The subject of Unit Testing is not as simple as one might think. Many of us, developers, go into unit testing based on pressure from clients, peers, colleagues, our heroes and so on. We quickly learn the value of it, and, once the tech setup is done, there is a tendency to forget the big picture, if it was ever learnt. This article will provide a short insight into what is and isn’t unit testing in PHP and in general, and unit test place in the quality assurance realm.

What is testing?

Before diving into unit tests, you should have a look at some deeper theory of what testing actually is, so you don’t make mistakes like one of the most popular PHP frameworks on their website showing integration tests and calling them unit tests. They’re not, Laravel, they’re really really not. I still love you though.

Software testing is defined as “investigation conducted to provide stakeholders with information about the quality of the product” as oppose to “Software testing is developers wasting project money doing nothing important and then asking for extra time and budget because “nothing” can be really expensive”. It also isn’t anything new. Have a look at my compiled brief history of testing:

  • 1822 – Difference engine (Charles Babbage)
  • 1843 – Analytical Engine (Ada Lovelace)
  • 1878 – Edison coins the term “bug”
  • 1957 – Program testing vs debugging (Charles Baker)
  • 1958 – First software test team (Gerald Weinberg)
  • 1968 – Software crisis (Friedrich Bauer)
  • 1970’s – Waterfall model, Relational model, Decomposition, Walkthroughs, Design and code inspections, Quality and metrics, Design patterns idea
  • 1980’s – CRUD analysis, System architecture, AutoTester, V-model, Reliability, Cost of quality, Use cases, OOP design patterns
  • 1990’s – Scrum, usability testing, MoSCoW, heuristic testing, software and test automation

If you are a millennial like me, you could be shocked that there were software test teams way, waaay before you were born. Take a moment. Relax. Deep breaths.

What the history tells us is the type of testing software required to be “good enough” for the stakeholders over time. Here are approximate testing orientation phases:

  • … – 1956 debugging
  • 1957 – 1978 demonstration
  • 1979 – 1982 destruction
  • 1983 – 1987 evaluation
  • 1988 – … prevention

Ergo, the unit testing is required to prevent discrepancies between the design and implementation.

What really is testing?

There are multiple ways to classify software testing, I will mention the most generally accepted ones to better understand the place of unit tests.

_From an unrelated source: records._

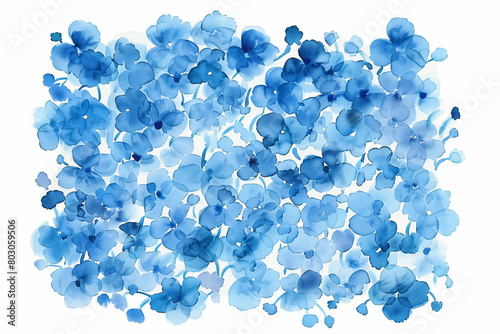 青い花の水彩イラスト、ネモフィラ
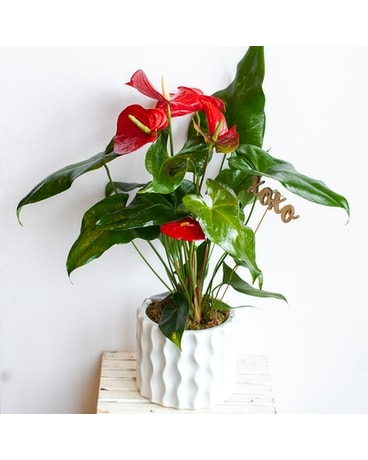 Anthurium Flower Arrangement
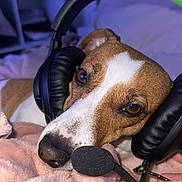 Saika a rejoint le concours — aidez-le/la à gagner de superbes lots ! dog, headset, microphone, blanket, brown_and_white, pet, indoor, relaxed, soft_texture, cozy, gaming, technology, animal, portrait, cute, ears, closeup, resting, couch, furniture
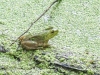 PPL Wetlands frog (1 of 1)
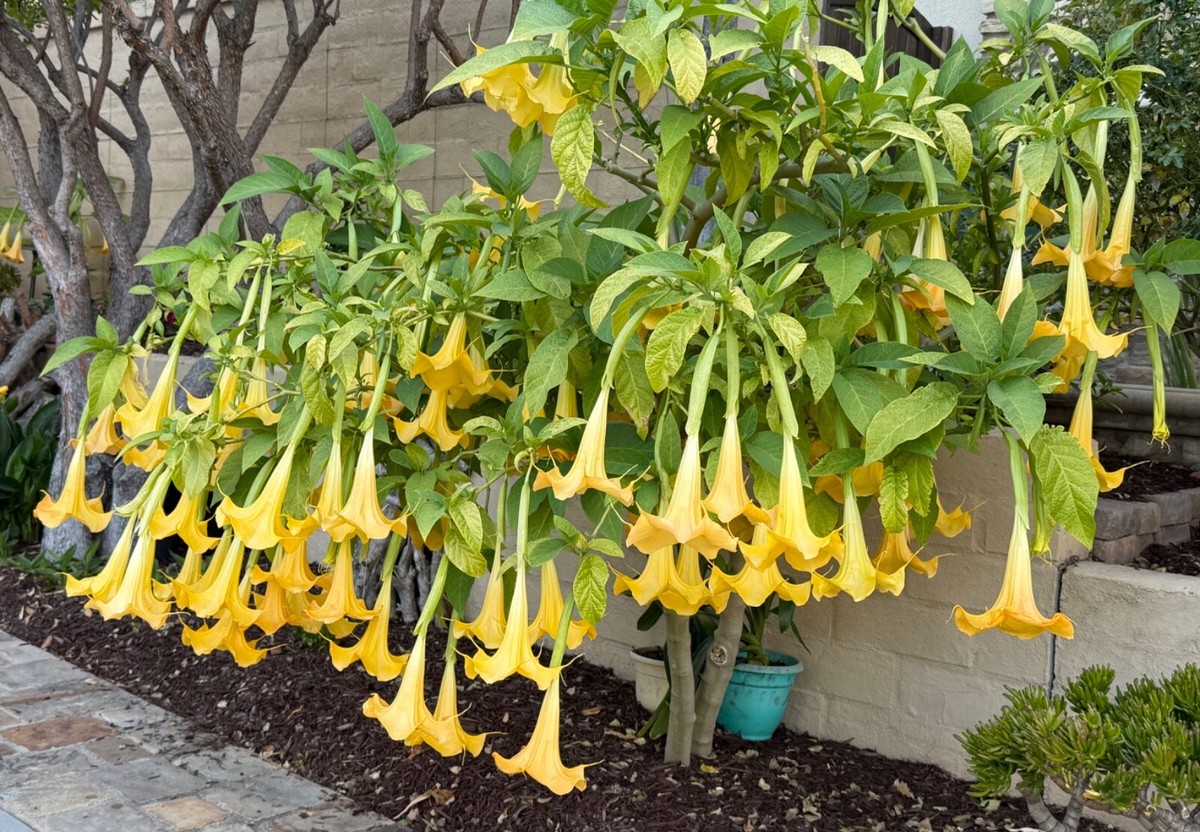 Angel's Trumpet Flowering Full Sun Seeds & Bulbs for sale | eBay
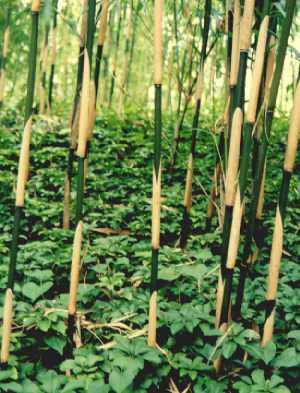 主な竹の種類 林野庁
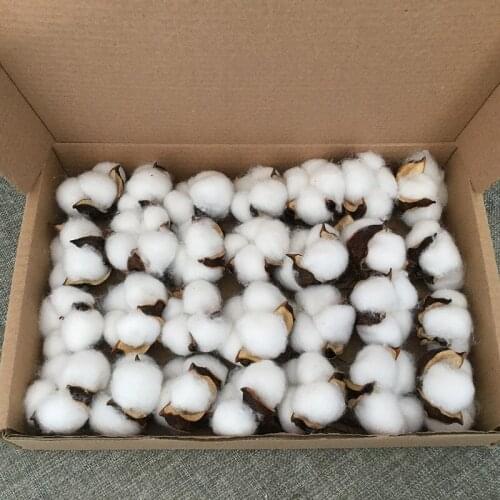 28Pcs/box Natural Cotton Immortal Flower DIY Handmade Household Party Arrangement Gifts Creative White Dried Bouquet Material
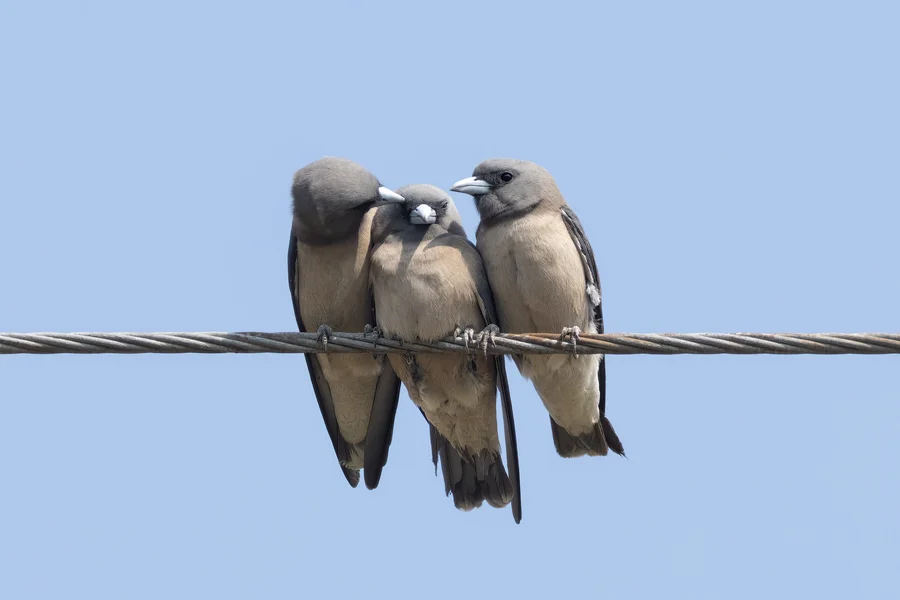 Ashy woodswallow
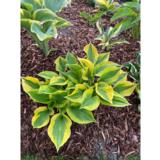 Jalokuunlilja  Summer Lovin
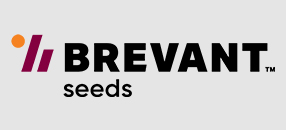 Brevant seeds logo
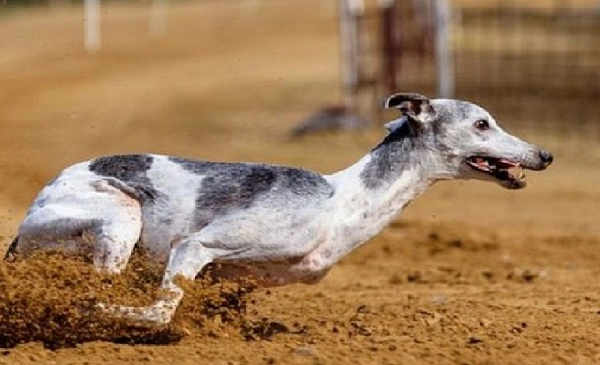 Greyhound - fastest dog breeds in the world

Tests can be categorized as: Static VS Dynamic, Boxed (White box, Black Box, Grey Box), and Levels and Types. Each of these 3 approaches classify tests by different criteria.

Static & Dynamic testing

Static testing is what one does without actually executing the code, such as proofreading, verification, code reviews (over the shoulder / pair programming), walkthroughs, inspections etc. Dynamic testing is when the actually code needs to be executed to receive a valid result, for instance, unit tests, integration tests, system tests, acceptance tests etc; It is testing with dynamic data, testing various inputs and outputs.

The Box Approach

According to the box approach, all software tests can be divided into 3 boxes:

White Box tests verify and validate internal structures, units, ignores end-user expected functionality. This could be API testing, fault injection, unit testing, integration testing. The contrasting Black Box testing is more interested in what the software does, not how it does is. This means that tester must have no knowledge on subject, no understanding on how things work under the hood. It’s all about that end user, his experience interacting with the visible surface of the product. Black box testing types include model based testing, use case testing, state transition tables, specification testing and so on. The third type falls sort of in between. Grey Box tests are designed with knowledge of software algorithms and data structures (white box), but executed at user level for experience (black box), such as regression testing or pattern testing.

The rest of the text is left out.